Prior to sampling, fish were fasted for 24 h. Ten fish per tank were anesthetized using 100 mg/L MS-222 (tricaine methanesulfonate; Sigma Chemical Company, St. Louis, MO, USA) and sacrificed for blood and tissue collection according to the Chinese Regulation on Animal Experimentation (Experimental Animal Protect Guide of the Ministry of Science and Technology of China, No. 398 of September 30, 2006). Blood samples were rapidly collected from the caudal vessel into heparinized tubes and centrifuged at 590×g for 10 min at 4 °C. The supernatant was then stored at − 70 °C for subsequent analysis of plasma biochemical parameters. Liver samples were removed from the fish, immediately frozen in liquid nitrogen, and then stored at − 70 °C until use. To obtain the final weight data, fish were batch-weighed by cage. Proximate composition of diets was analyzed according to the standard methods (AOAC 1990). Moisture was determined by oven drying until constant weight (105 °C); crude protein (nitrogen × 6.25) was detected by the Kjeldahl method using an Auto Kjeldahl System (FOSS KT260, Hillerød, Denmark, Switzerland); crude lipid was measured by ether extraction using Soxtec System HT (Soxtec System HT6, Tecator, Sweden); ash was detected by combustion at 550 °C for 4 h; and crude fiber was measured by fritted glass crucible method using an automatic analyzer (ANKOMA2000i, Macedon, NY, USA). Whole body fats were extracted with a chloroform: methanol (2:1) mixture according to the previous study (Folch et al. 1957). Body weight gain (BWG), feed intake, intraperitoneal fat index (IFI), and hepatosomatic index (HSI) were measured using the following formulas:

$$ \mathrm{Body}\ \mathrm{weight}\ \mathrm{gain}\ \left(\mathrm{BWG}\right)\ \left(\%\right)=100\times \left(\mathrm{final}\ \mathrm{weight}\ \left(\mathrm{g}\right)-\mathrm{initial}\ \mathrm{weight}\ \left(\mathrm{g}\right)\right)/\mathrm{initial}\ \mathrm{weight}\ \left(\mathrm{g}\right). $$
$$ \mathrm{Feed}\ \mathrm{intake}\ \left(\mathrm{g}\right)=\mathrm{total}\ \mathrm{amount}\ \mathrm{of}\ \mathrm{consumed}\ \mathrm{feed}\ \left(\mathrm{g}\right)\ \mathrm{of}\ \mathrm{each}\ \mathrm{fish}. $$
$$ \mathrm{Hepatosomatic}\ \mathrm{index}\ \left(\mathrm{HSI}\right)\ \left(\%\right)=\left(100\times \mathrm{liver}\ \mathrm{weight}\ \left(\mathrm{g}\right)\right)/\mathrm{body}\ \mathrm{weight}\ \left(\mathrm{g}\right). $$
$$ \mathrm{Intraperitoneal}\ \mathrm{fat}\ \mathrm{index}\ \left(\mathrm{IFI}\right)\ \left(\%\right)=\left(100\times \mathrm{Intraperitoneal}\ \mathrm{fat}\ \mathrm{weight}\ \left(\mathrm{g}\right)\right)/\mathrm{body}\ \mathrm{weight}\ \left(\mathrm{g}\right). $$

Analysis of plasma and tissue biochemical parameters

Activities of plasma alanine aminotransferase (ALT) and aspartate aminotransferase (AST), concentrations of plasma and liver TG and concentrations of plasma free fatty acid were determined using commercial kits (C009, C010, F001 and A042-1 respectively; Jiancheng Bioengineering Institute, Nanjing, China).

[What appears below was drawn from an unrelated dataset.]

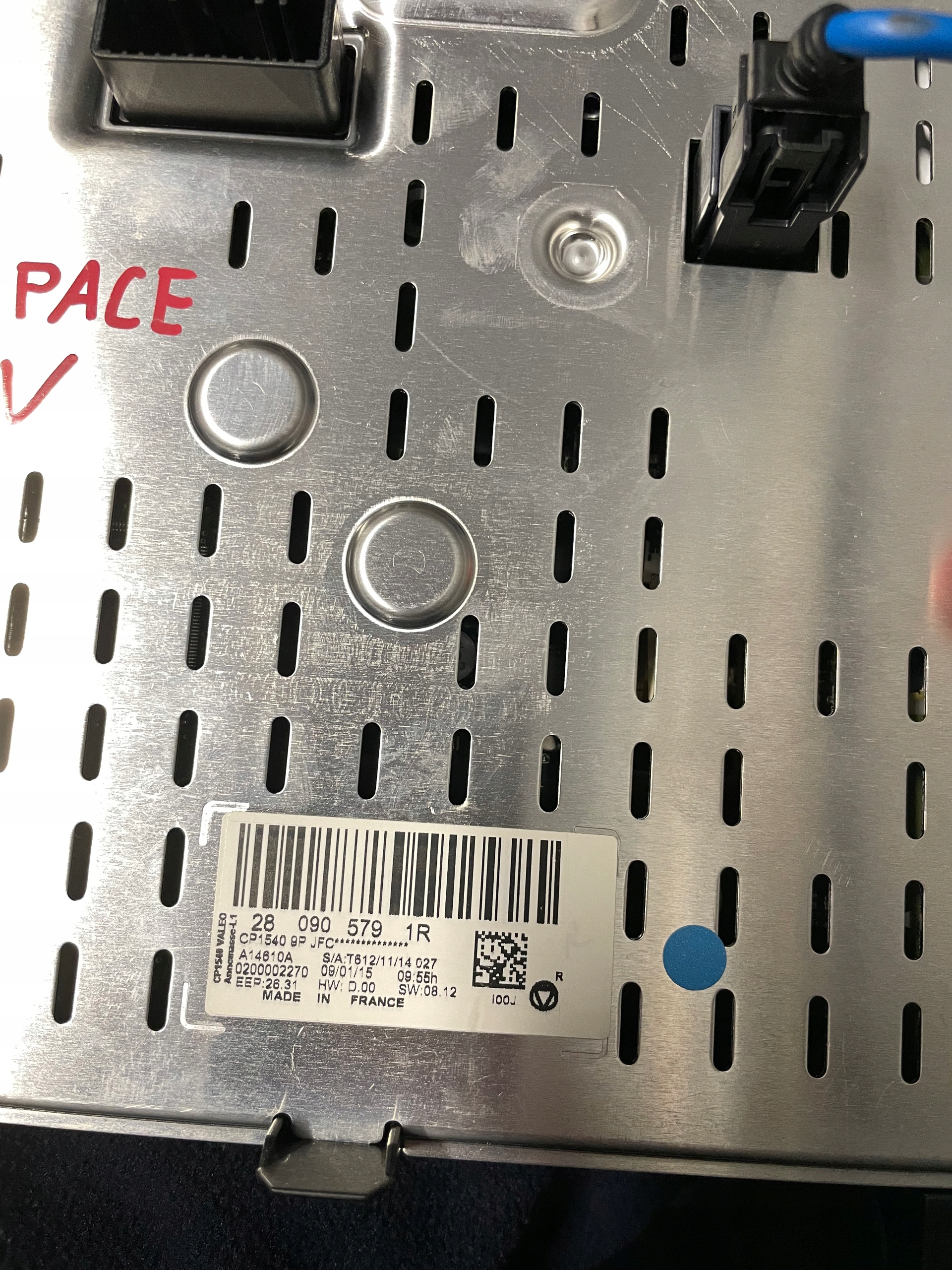 RENAULT ESPACE V RADIO EKRAN NAVIGATION 280905791R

Plasma glucose levels were measured by GOD/POD method (Trinder 1969) using a commercial glucose kit (F006; Jiancheng Bioengineering Institute, Nanjing, China). Hepatic very low-density lipoproteins (VLDLs) were detected using an ELISA kit (H249; Jiancheng Bioengineering Institute, Nanjing, China). Liver fat was extracted with a chloroform/methanol (2:1) mixture and quantified as previously described (Folch et al. 1957).

RNA extraction and qPCR

Liver total RNA was extracted using TRIzol reagent (Life Technologies, CA, USA) according to the manufacturer’s instructions. RNA quantity and purity were determined by absorbance at 260 and 280 nm, and its integrity was assessed by electrophoresis in 1.0% formaldehyde denaturing agarose gel. Quantitative real-time PCR (qPCR) was performed using the PrimeScript RT Master Mix Kit and SYBR Premix Ex Taq II Kit (Takara Bio, Dalian, China). The following thermal cycling process was carried out on a 7900HT Fast Real-Time PCR System (Applied Biosystems, Foster City, CA, USA): 95 °C for 10 min, followed by 40 cycles of 95 °C for 15 s, and 60 °C for 40 s. The primers used in this study are listed in Table S1. To confirm the specificity of the amplification reaction, a melting curve was performed after the last amplification cycle. The data were analyzed using the 2−ΔΔCt method, and the expression level of β-actin was used as the endogenous reference.

Statistical analysis

Data were analyzed using SPSS software, ver. 20.0 (SPSS Inc., Chicago, IL, USA). The data are expressed as means ± SEM (standard error of the mean). Shapiro-Wilk test was performed to test the normality of the variables. One-way ANOVA was performed to compare NFD group and HFD groups that did or did not receive RSV supplementation, and Duncan’s Multiple Test was performed when significant differences were identified in the groups. Significance was accepted at P < 0.05.

Results

Effect of RSV on growth performance

To evaluate the effect of RSV on growth performance of HFD-fed fish, blunt snout bream were fed a NFD, a HFD, or RSV-supplemented HFDs for 10 weeks. HFD feeding tended to increased body mass, although there was no significant difference in body mass gain between NFD and HFD groups. However, body mass gain was significantly lower in fish fed a HFD supplemented with 1.08% RSV than in fish fed a HFD (Table 2). There was no difference in food intake among all the groups, but food intake tended to reduce as the levels of RSV supplementation increased from 0 to 1.08%.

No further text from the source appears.